The burden would then be on Mr. Stern to file an opposition to registration based on Section 2(c). “The fact that a name appearing in a mark may actually be the name of more than one person does not negate the requirement for a written consent to registration, if the mark identifies, to the relevant public, a particular living individual. See In re Steak and Ale Restaurants of America, Inc., 185 USPQ 447 (TTAB 1975) (affirming refusal to register PRINCE CHARLES, for meat, in the absence of consent to register by Prince Charles, a member of the English royal family).” TMEP 1206.01 (emphasis added). In addition, a name does not have to be the person’s full name, but can be just the person’s surname. See Ross v. Analytical Technology Inc., 51 USPQ2d 1269 (TTAB 1999) (§2(c) prohibited registration of surname without consent where the relevant public would associate the good with the opposer given his reputation in the field); but cf. Société Civile Des Domaines Dourthe Frères v.
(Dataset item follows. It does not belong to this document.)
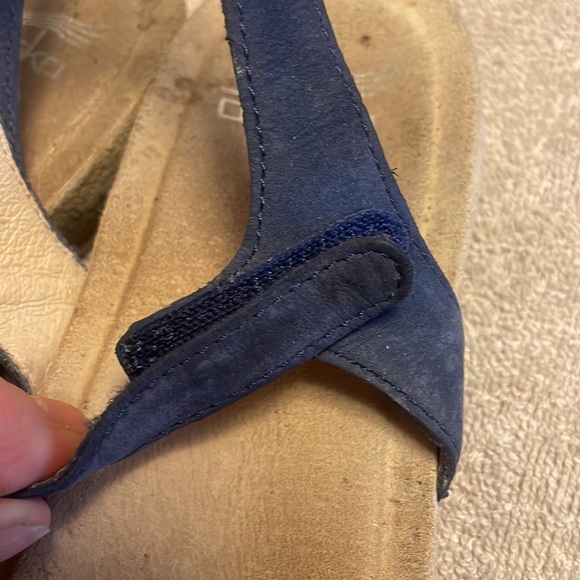 Suede sandals - Picture 3 of 6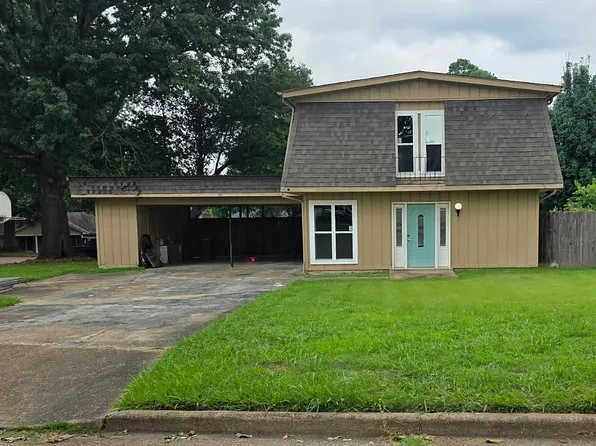 8340 Farmington Dr E, Southaven, MS 38671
S.A. Consortium Vinicole De Bordeaux Et De La Gironde, 6 USPQ2d 1205, 1209 (TTAB 1988) (Board found that Section 2(c) did nto apply to surnames except where a particular individual is known by a surname only). However, an argument could be made that with respect to the field related to the relevant goods (baby bibs, in this case), the name Dannielynn is not well known and therefore, the mark would not constitute the identification of a particular person under §2(c). See Martin v. Carter Hawley Hale Stores, Inc., 206 USPQ 931, 933 (TTAB 1979).

Given the general public’s obsession with Anna Nicole Smith and now Dannielynn, I would suspect that this application ultimately will not be registered. I think this is another case where an individual, without consulting at trademark attorney, decided to claim rights to a name that has some widespread recognition – without contemplating the legalities behind claim such rights. Now whether the registration is stopped by the PTO or by Howard K. Stern is another question.

I can’t wait to hear “I’m Pat O’Brian. Coming up on The Insider . . . getting a trademark on Dannielynn’s name. Howard K. Stern speaks out on one person’s attempt to exploit the name of Anna Nicole’s baby” (ominous music playing in the background).

To read another story from last year about Larry Birkhead and trademarks, see (surprise surprise) The Insider Online’s article “Larry Birkhead Denies Filing for Trademark.” Here is a link to the application for “Goodnight My Sweet Anna Baby” which is still pending and which also faced the same Section 2(c) issue, but with a significant difference since Anna Nicole Smith is no longer living. But it was interesting to note that it was not lost upon the PTO that the Anna at issue in the mark was Anna Nicole Smith – the PTO is requiring the applicant to submit the following statement: “Anna, referring to Anna Nicole Smith, does not identify a living individual.”